Work required
A stretch of the entries below is to be set down exactly, running from the line with "4Pcs Inside Door" through the line with "Rogaland - Sokndal - Nesvåg", both included, and no other line.

Material for this exercise

Segment Open

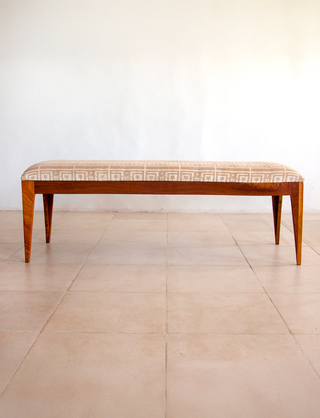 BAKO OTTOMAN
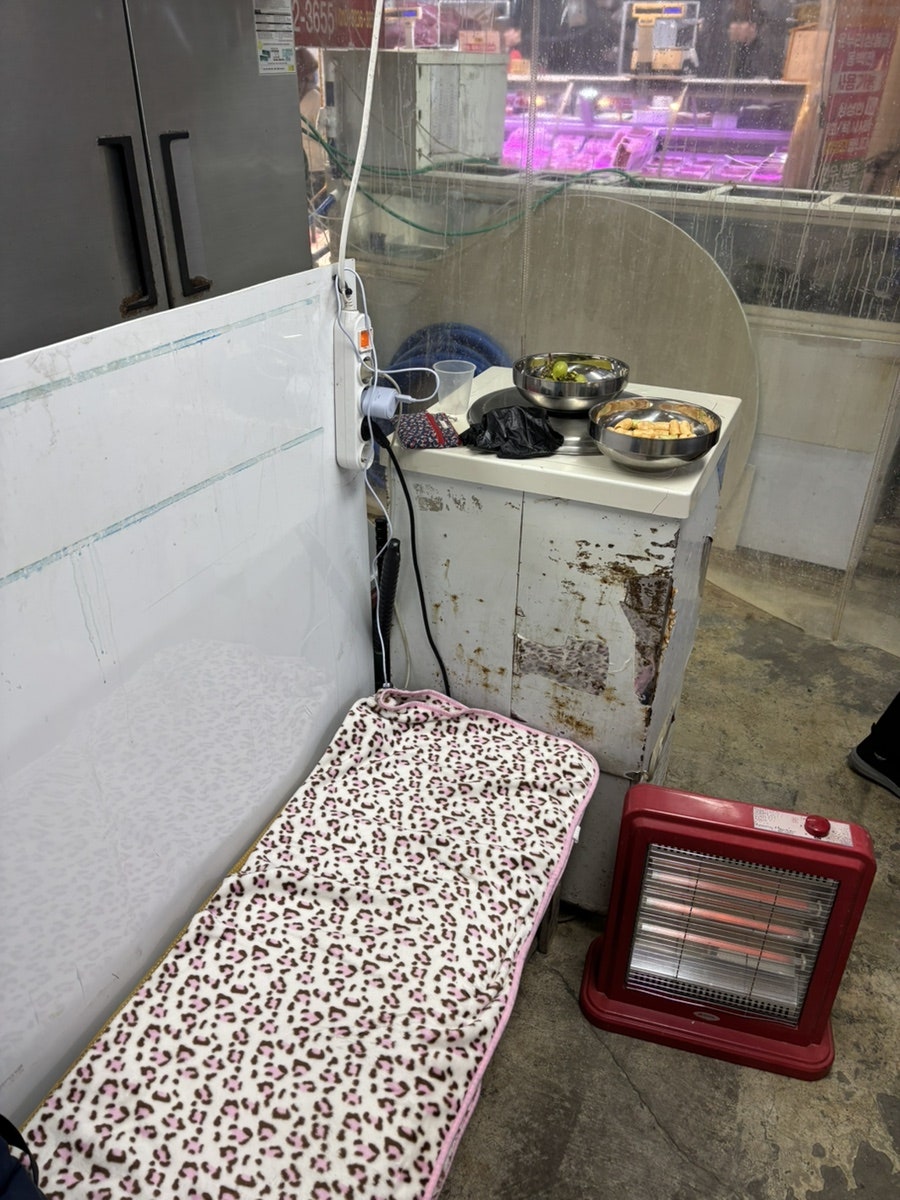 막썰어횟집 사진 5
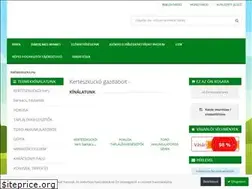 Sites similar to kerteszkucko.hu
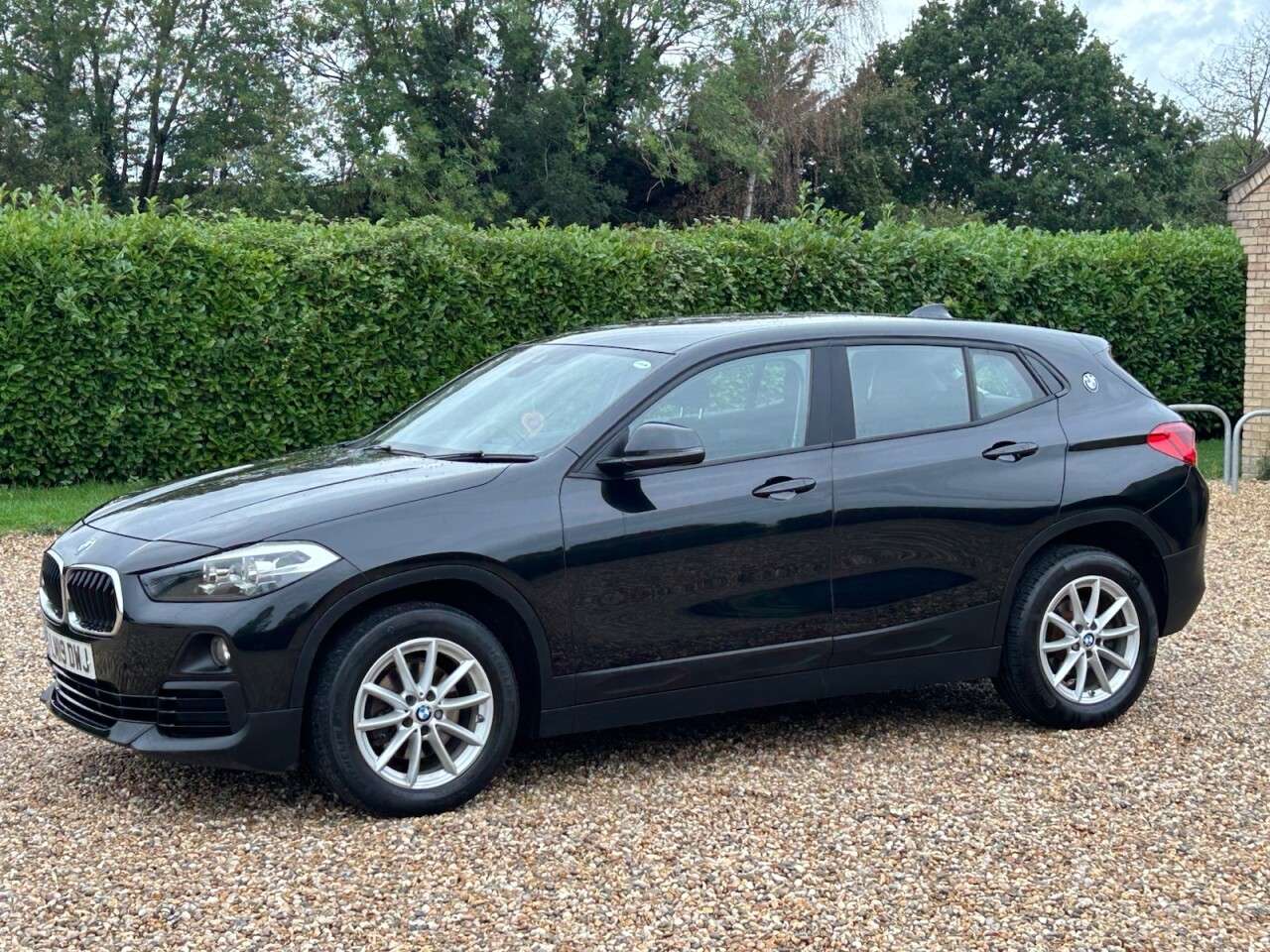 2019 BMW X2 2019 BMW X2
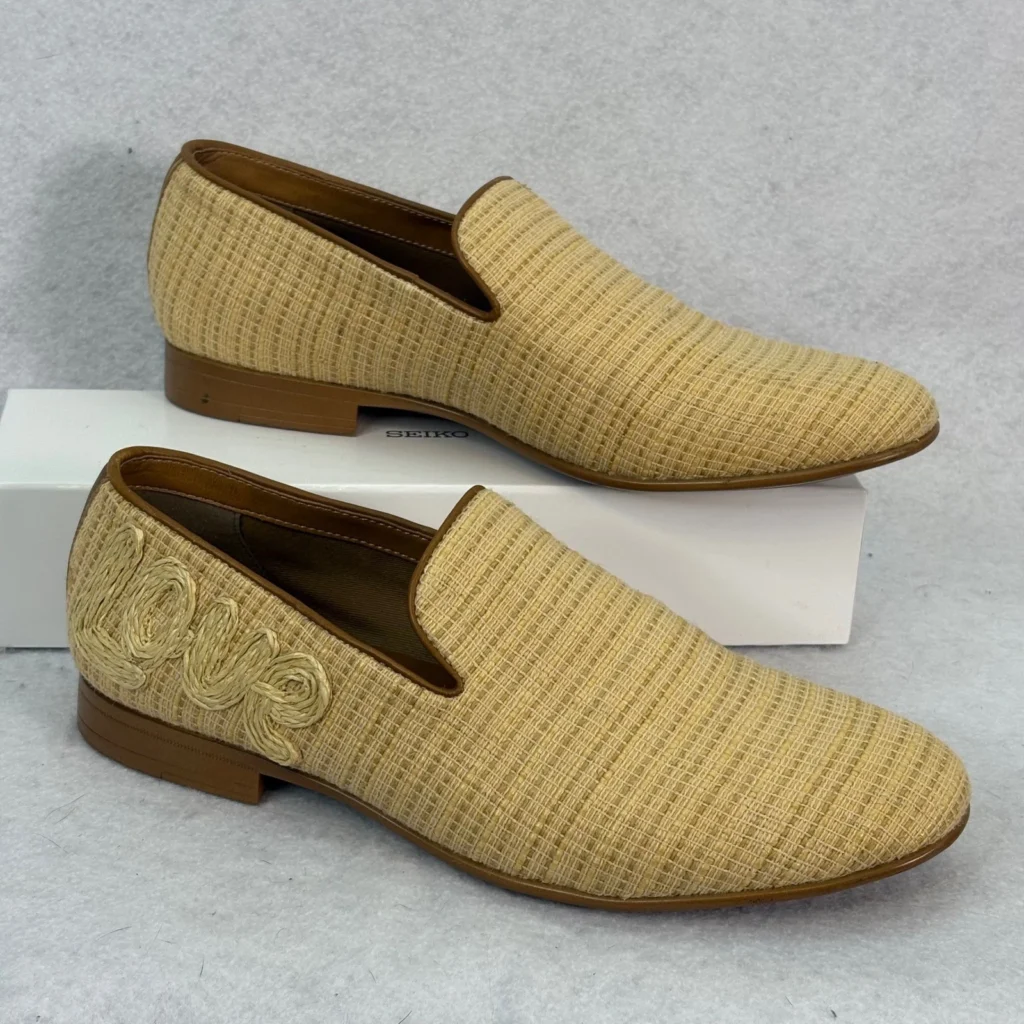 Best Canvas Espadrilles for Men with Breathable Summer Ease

Segment Closed
Segment Open

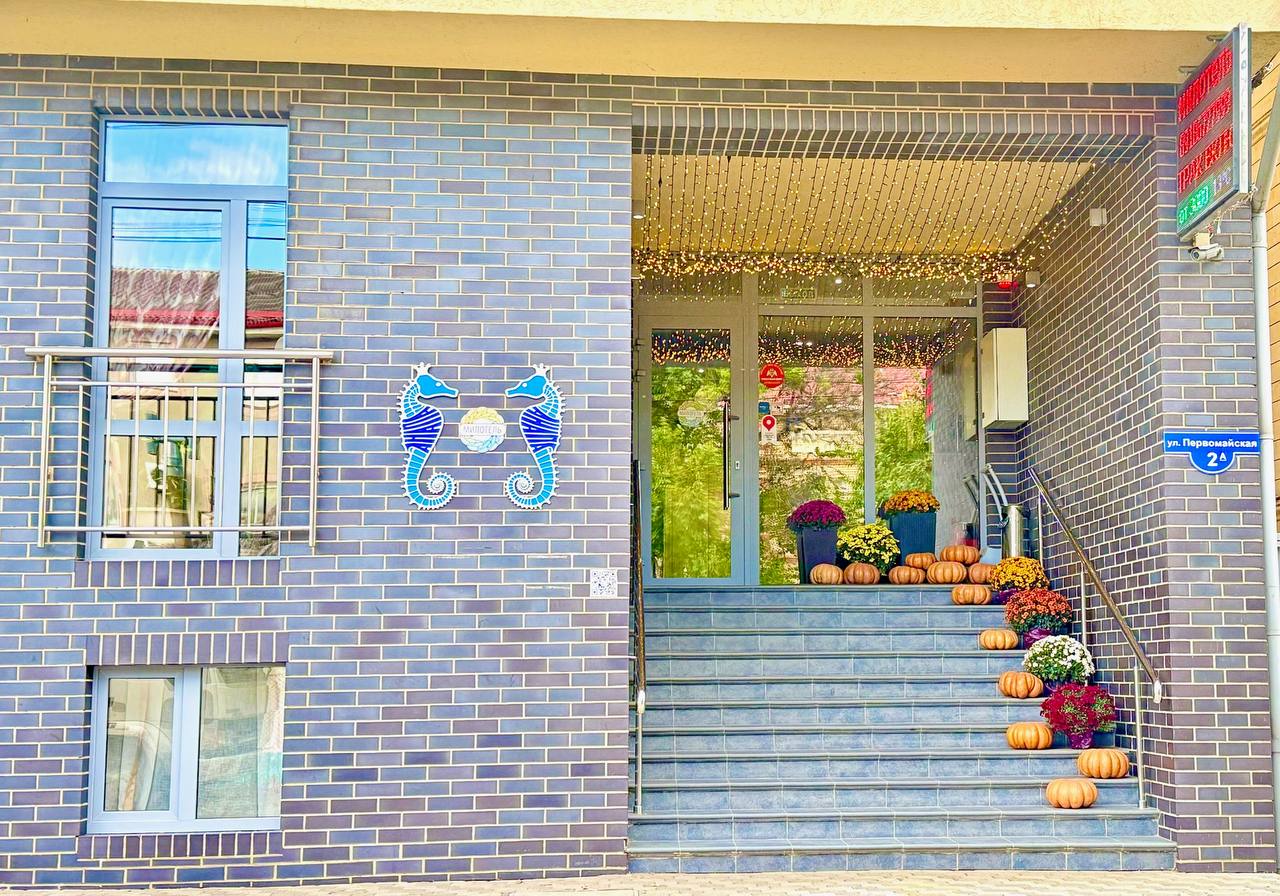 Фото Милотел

Segment Closed
Segment Open

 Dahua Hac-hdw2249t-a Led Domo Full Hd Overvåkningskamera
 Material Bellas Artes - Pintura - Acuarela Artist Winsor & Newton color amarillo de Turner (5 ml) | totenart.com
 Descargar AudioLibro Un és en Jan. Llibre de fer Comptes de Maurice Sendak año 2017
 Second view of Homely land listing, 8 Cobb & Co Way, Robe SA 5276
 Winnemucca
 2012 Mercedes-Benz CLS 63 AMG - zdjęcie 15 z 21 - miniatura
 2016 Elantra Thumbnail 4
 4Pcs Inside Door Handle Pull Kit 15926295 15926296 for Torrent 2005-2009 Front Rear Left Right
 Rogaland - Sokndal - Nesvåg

Segment Closed

Task answer
 4Pcs Inside Door Handle Pull Kit 15926295 15926296 for Torrent 2005-2009 Front Rear Left Right
 Rogaland - Sokndal - Nesvåg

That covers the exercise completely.